The state of CSS bricklaying.

2017 brought along the last item needed for the perfect CSS Layout : CSS Grid.

And now that CSS Grid is supported by all modern browsers this gives 3 main layout systems to choose from when trying to build the perfect layout:

One must wonder if they cannot help us build the masonry grid every client has been drooling for for the last couple of years.

I want that Pinterest thing to list my cupcakes! — A Happy Client

Sure you can! There’s plenty of articles out there about Pure CSS Masonry solutions…

Cough cough, before throwing all arms in the air, let’s review the requirements of a Masonry layout.

What is a masonry layout?

We’re all familiar with what it should look like : a wall of bricks of different heights. But there are 3 important technical requirements to take into acount when building it. And every “Pure CSS Masonry” solutions out there ignores the °2.

A masonry layout follows 3 requirements illustrated above and listed below

Masonry layout

A masonry layout follows 3 requirements illustrated above and listed below

1. Every block has a different height.

That’s the perk, your bricks don’t have to share the same height, no matter where they are painted on the page. They contain an image, every ratio of those being unique, every height of their parent is also unique. Be yourself little brick, be different and proud!

2. The bricks are listed horizontally.

Even though those items appear to be stacked on top of each other in their respective columns, they should not be ordered within this column. Check the image above, that is how the order should flow: horizontally within the viewport so recent elements live on top. Why you ask?

What do you mean my 4th most popular cupcake is below the fold? — An Angry Client

Seriously though, Pinterest would have never introduced the Masonry layout had they not been able to present it with an horizontal flow.

3. The number of columns is controlled and defined

You don’t want those columns to shrink or overflow the available space in your container. They have to be contained. My masonry has 5 columns, each taking 20% of the viewport or so and I should be able to easily change those parameters according to the viewport width.
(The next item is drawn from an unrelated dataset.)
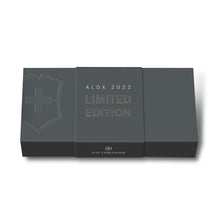 Load image into Gallery viewer, Multiherramienta Victorinox Hunter Pro Alox Thunder Gray ED. 2022, 0.9415.L22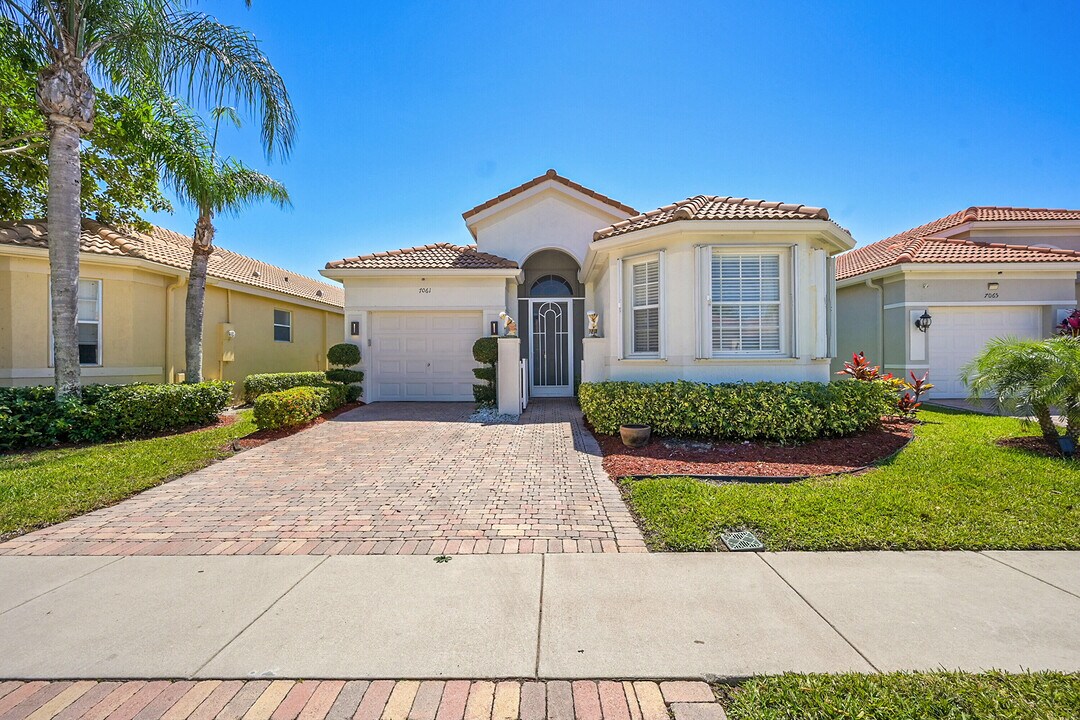 7061 Cataluna Cir in Delray Beach, FL - Building Photo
With those 3 requirements in mind, let’s see our modern options.

With CSS Grid?

CSS Grid is the best thing that happened to CSS since box-sizing: border-box; You can control the order, you can set the width and/or height of the gutter, heck you can even define the space an element will take on the grid: spans 2 columns, span 3 rows. There are tons of tutorials out there including the amazing Rachel Andrew’s Grid by Exemple.
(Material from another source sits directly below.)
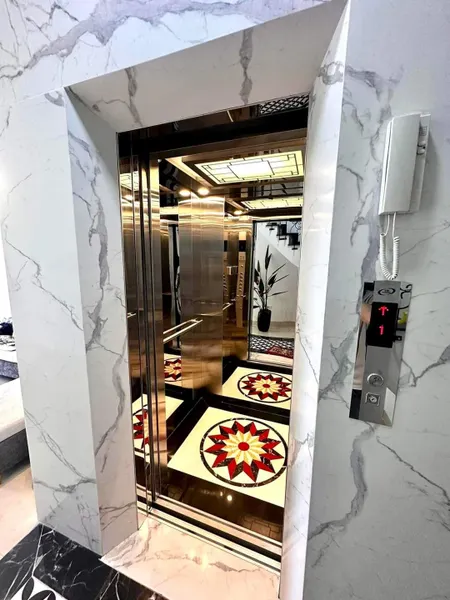 Cho thuê nhà mới, lô góc, Xã Đàn, thang máy, 99m2x 4T vỉa hè 31 Tr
This modest skill grid by yours truly has been coded in minutes and adapts beautifuly.

It looks like CSS Grid gives us even more options than we initially required 🤘!

But its very own raison d’être is a major drawback masonry-wise, for it is after all a grid. A grid is made of lines which supports each other. Each rectangular form drawn by those lines inevitably share a common horizontal and vertical line. So every form or brick of the same row share the same height as their taller buddy.
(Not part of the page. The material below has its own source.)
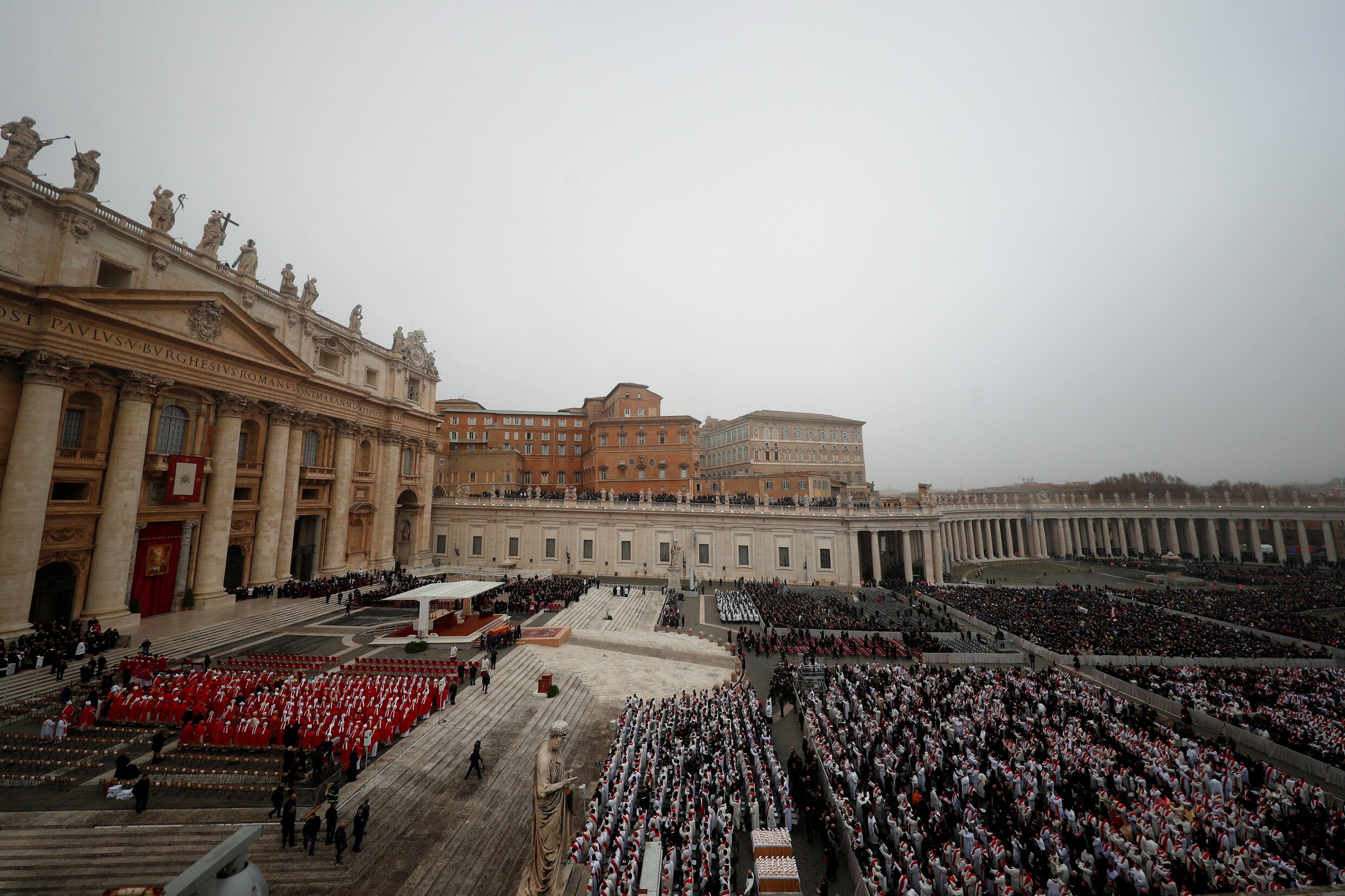 Lichaam emeritus paus Benedictus XVI te ruste gelegd in crypte Sint ...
CSS Grid is a grid, each bricks have the same height as their taller ‘row mate’. That won’t cut it.

Using CSS Grid

CSS Grid is a grid, each bricks have the same height as their taller ‘row mate’. That won’t cut it.

grid-auto-flow:dense sounds like it could help, but it won’t. It will rearrange the items to avoid any gap your source may leave in your grid but this doesn’t solve our same height problem.

CSS Grid flunked requirement n°1, it’s out.

With Flexbox?

Now Flexbox with flex-direction set to columns is kind of promising because you can control the order like CSS Grid.

Providing you knew the number of items on the page, with a time saving SASS @for loop you could target every so and so element and maybe rework the ordering from there to make sure that 4th cupcake is not below the fold.

What you don’t control though is the number of columns you will end up with.

In Flexbox you have to set a height to your container so that columns wrap. Otherwise you just end up with one endless column.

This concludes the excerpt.